Now the EU is starting to require many types of plastic packaging to contain at least 30% recycled plastic, and what do you know, suddenly manufacturers are all switching their plastic choices from eg. LDPE to PET, because PET is more recyclable. In some cases with 100% recycled plastic.

Turns out it was possible all along.

And like, this is not some obscure change. This is happening *all over the place*. If you are in the EU, and you have eg. some cosmetics or soap for which you have both a recently purchased bottle and also one that's a few years old... compare them.

Chances are you're going to find one of them being LDPE or HDPE, and the other being PET. Regardless of what brand or store it came from. Regardless of price point.

Similar deal with LDPE/HDPE getting swapped over to PP for foil packaging (laundry powder bags, wet wipe packs, that sort of stuff). If you've noticed the plastic getting a bit more 'crispy' and a bit less flexible at some point, this is why.

Relatedly: pay attention to which brands have *exactly* 30% recycled plastic content... they're the ones that are trying to do the absolute bare minimum they are required to.

@joepie91 is there anything in that EU mandate about where to actually recycle anything that isn't a food product that comes in plastic? I have been buying liquid laundry soap at Action because its cheap and comes in a very large container that lasts a while, but then I have a giant plastic container that I don't know how to recycle and it makes me feel bad. I know grocery stores have to accept their food plastic, aluminium, and glas bottles and cans back, but what about everything else?

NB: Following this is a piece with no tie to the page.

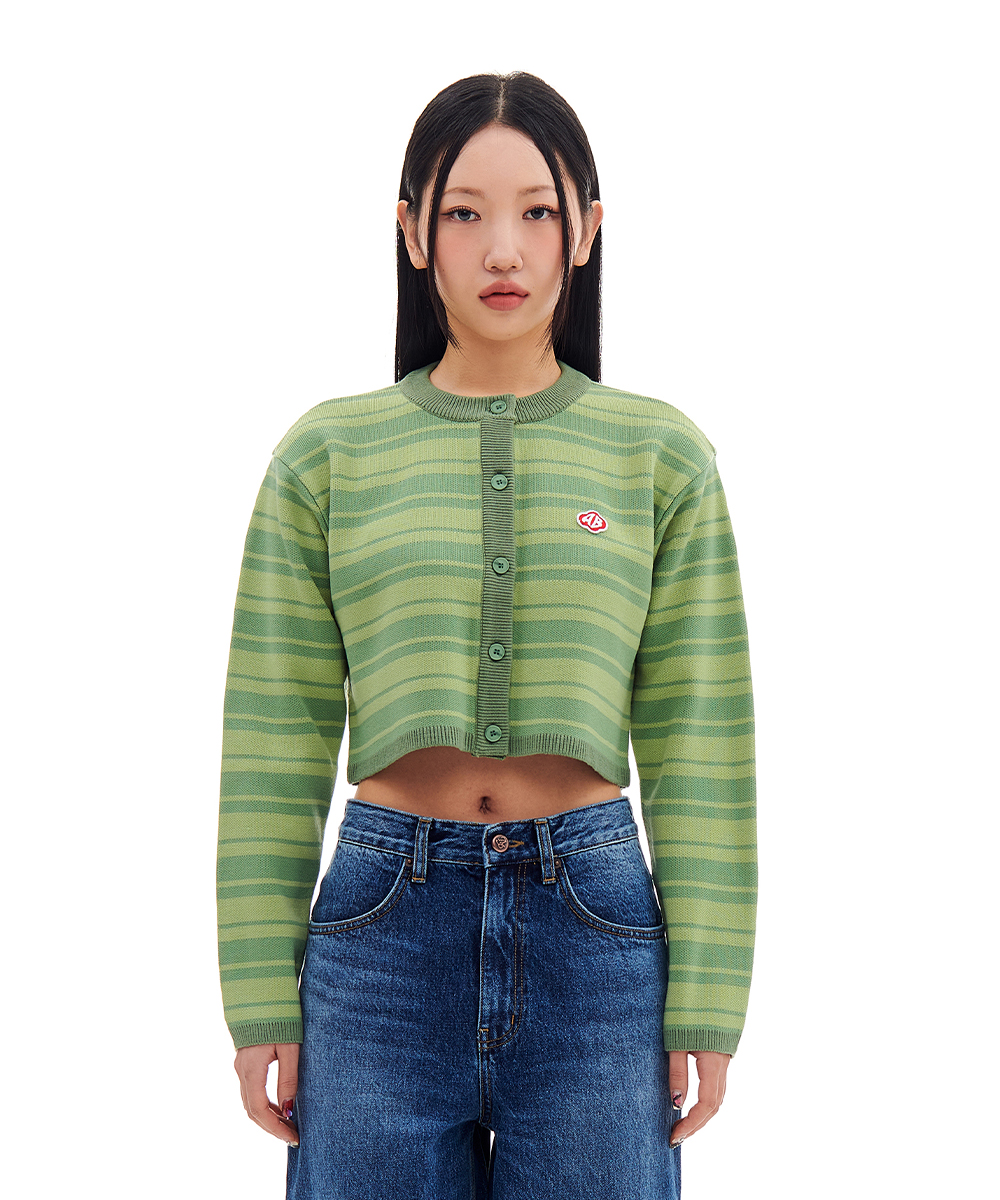 RED MOSS PATCHED CROP CARDIGAN (GREEN)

Follow up, do you trust the municipality to actually recycle things like that laundry soap container or even milk cartons that they say to just throw in the regular trash? How is the Netherlands track record on recycling outside of drink containers?

@domo There's nothing on an EU level that mandates specific collection/recycling practices AFAIK, but the standard intake requirements for separate plastic waste collection in the Netherlands (which most municipalities seem to follow) do actually include empty detergent containers in the recyclable plastics category (even for stuff like bleach).

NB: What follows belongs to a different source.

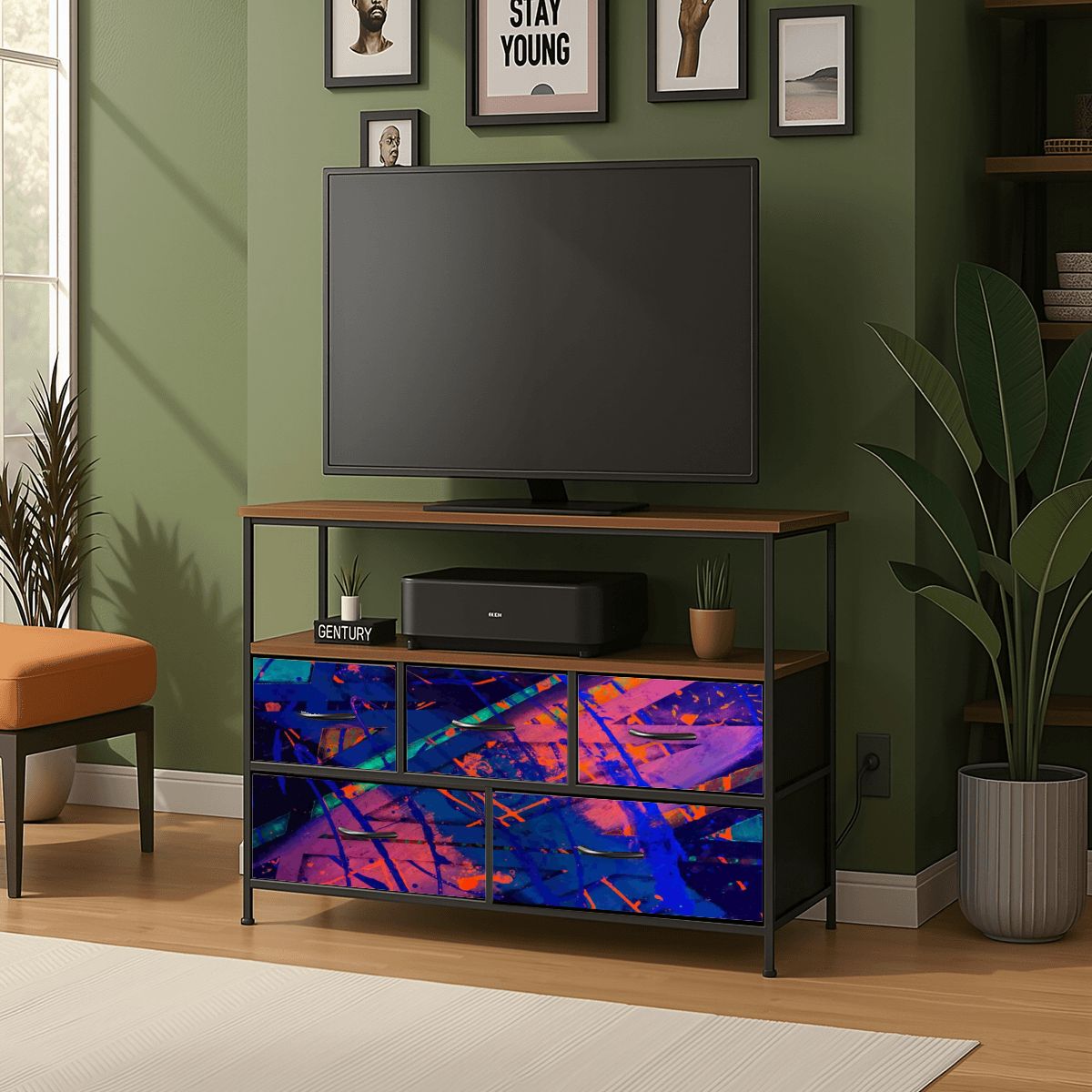 Gavin Scott TV Stand w/5 Drawer Dresser & Charging Station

How much of that actually gets recycled is anyone's guess. It seems that the actual recycling rate *is* growing as more recycling facilities are being built within the EU, and exports of plastic are increasingly being banned, but I wouldn't be able to name a (credible) percentage, due to the wildly different ways these are calculated in different places.

Some municipalities claim to do post-collection sorting rather than separate collection, but I'm skeptical about the accuracy rate of that. Automatically sorting such a wide variety of trash is very error-prone, and doing it manually seems unrealistically labour-intensive to me.

@joepie91 yeah, that makes sense and I agree with you on being skeptical about the accuracy rate of post-collection sorting. Amsterdam doesn't seem to be doing individual bins to put plastics, at least not in my neighborhood :(

I couldn't find any within 1km of my apartment either.

I was using this site, but if you know a better one, I can try that one.
kaart.amsterdam.nl/afvalcontai

I know you're not like the authority on any of this, but you're the only nederlander I follow that ever talks about plastic waste (for which I'm grateful). It's such a problem here though and I like following up on if/when it will improve.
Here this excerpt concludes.